*BRIEF:*
An exact copy of the lines of the listing below between the "1210 E 15th" line and the "Equipe diversa reunida" line, both included, is the whole answer; please omit the pictures.

*DATA:*
+--

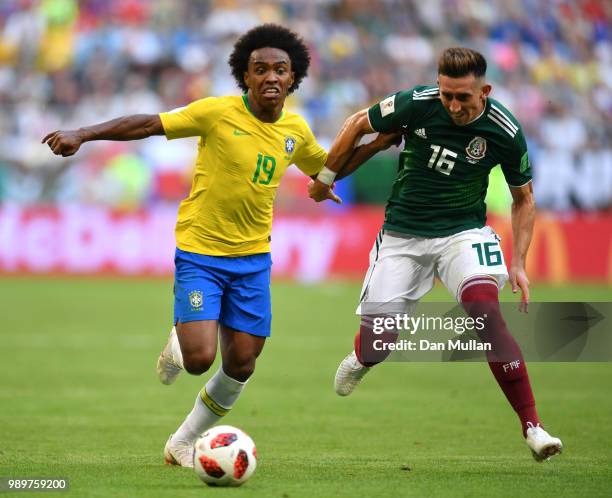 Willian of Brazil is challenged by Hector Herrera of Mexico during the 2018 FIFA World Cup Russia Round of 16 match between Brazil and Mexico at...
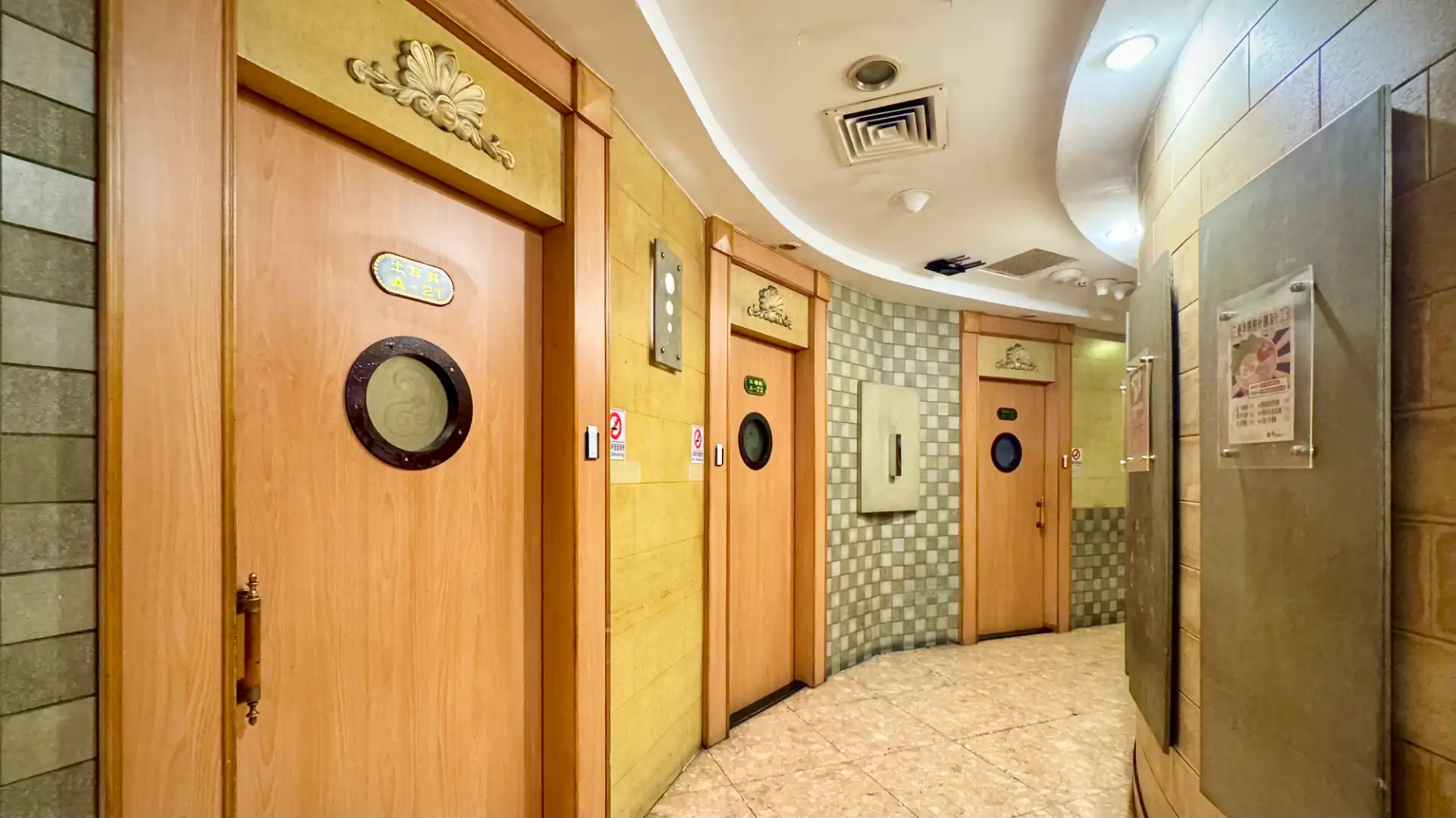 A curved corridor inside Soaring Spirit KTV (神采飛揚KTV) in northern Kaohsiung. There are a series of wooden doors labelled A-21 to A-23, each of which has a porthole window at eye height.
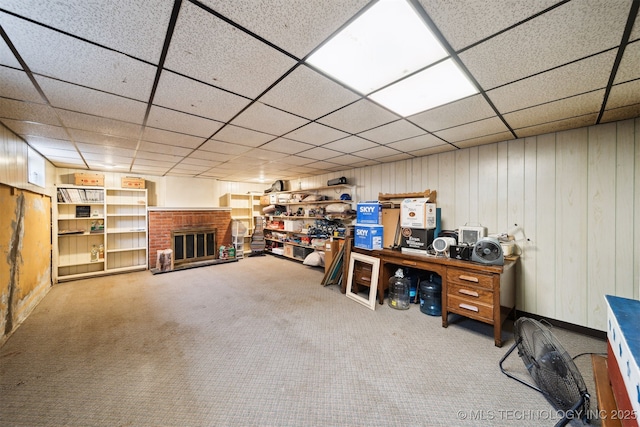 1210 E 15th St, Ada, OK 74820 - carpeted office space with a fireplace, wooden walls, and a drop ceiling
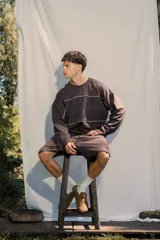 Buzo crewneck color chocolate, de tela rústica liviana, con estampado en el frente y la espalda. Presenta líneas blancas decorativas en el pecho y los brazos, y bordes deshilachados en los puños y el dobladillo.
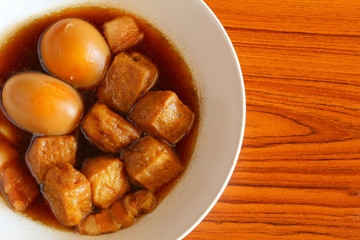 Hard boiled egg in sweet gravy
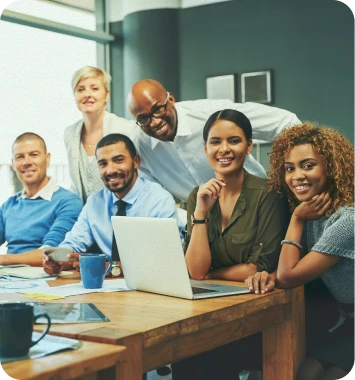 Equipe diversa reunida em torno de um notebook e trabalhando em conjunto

+--

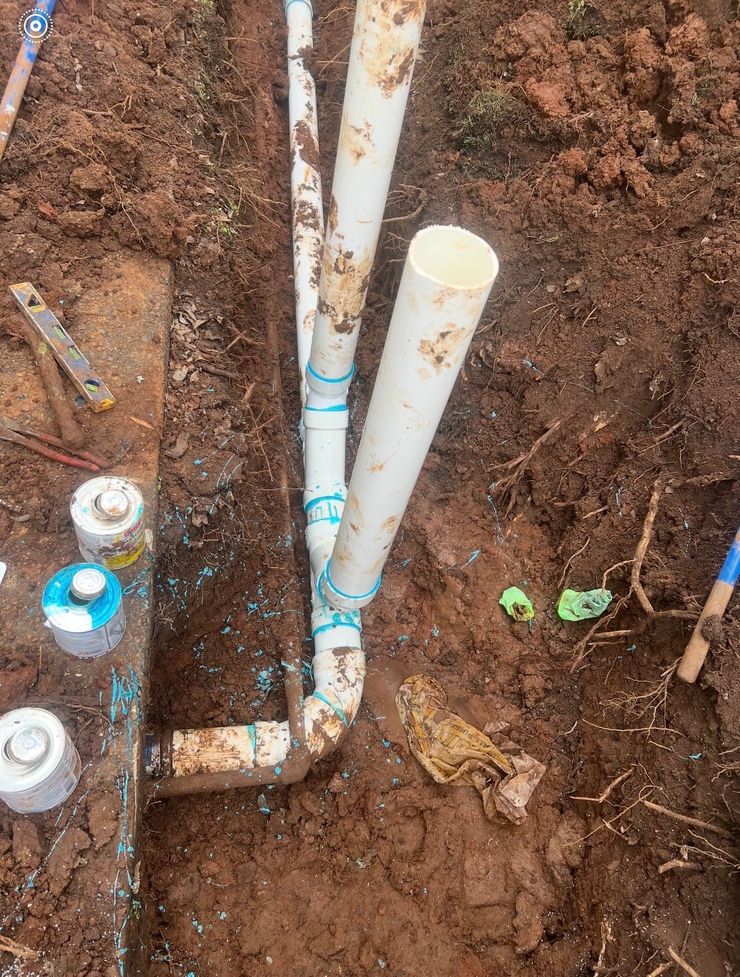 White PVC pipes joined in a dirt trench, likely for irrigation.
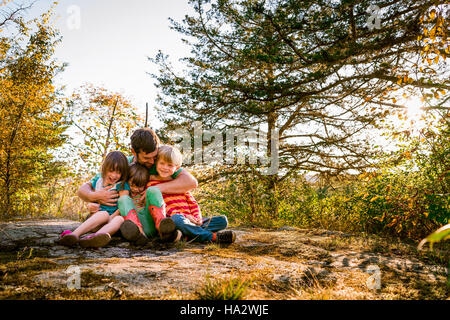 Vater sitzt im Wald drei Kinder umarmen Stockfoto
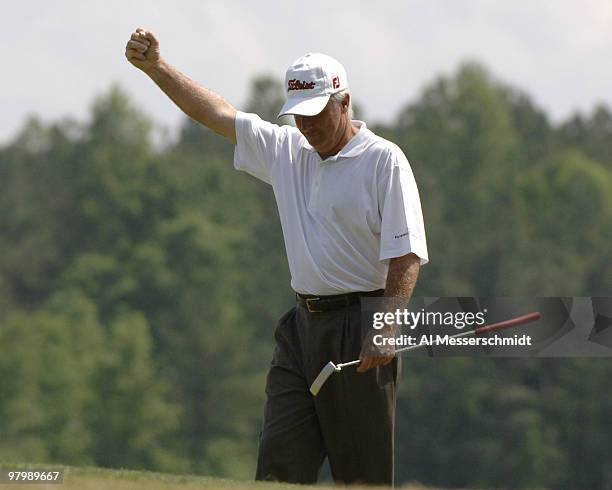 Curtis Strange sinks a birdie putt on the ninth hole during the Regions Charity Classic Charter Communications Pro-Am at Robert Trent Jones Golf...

+--

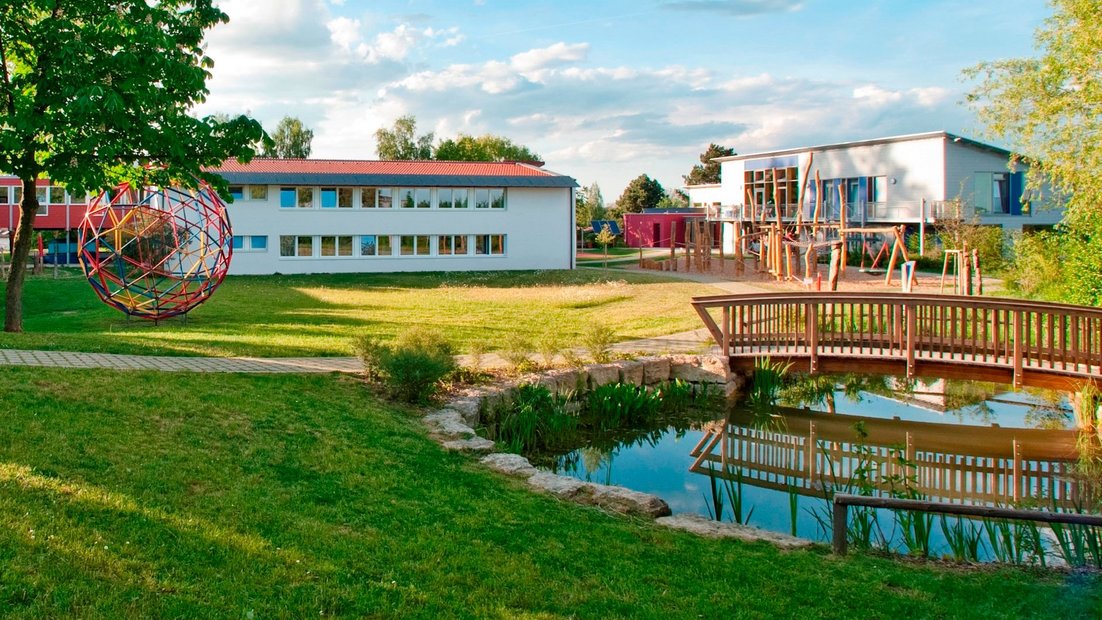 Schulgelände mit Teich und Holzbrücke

+--

*RESULT OF THIS TASK:*
 1210 E 15th St, Ada, OK 74820 - carpeted office space with a fireplace, wooden walls, and a drop ceiling
 Buzo crewneck color chocolate, de tela rústica liviana, con estampado en el frente y la espalda. Presenta líneas blancas decorativas en el pecho y los brazos, y bordes deshilachados en los puños y el dobladillo.
 Hard boiled egg in sweet gravy
 Equipe diversa reunida em torno de um notebook e trabalhando em conjunto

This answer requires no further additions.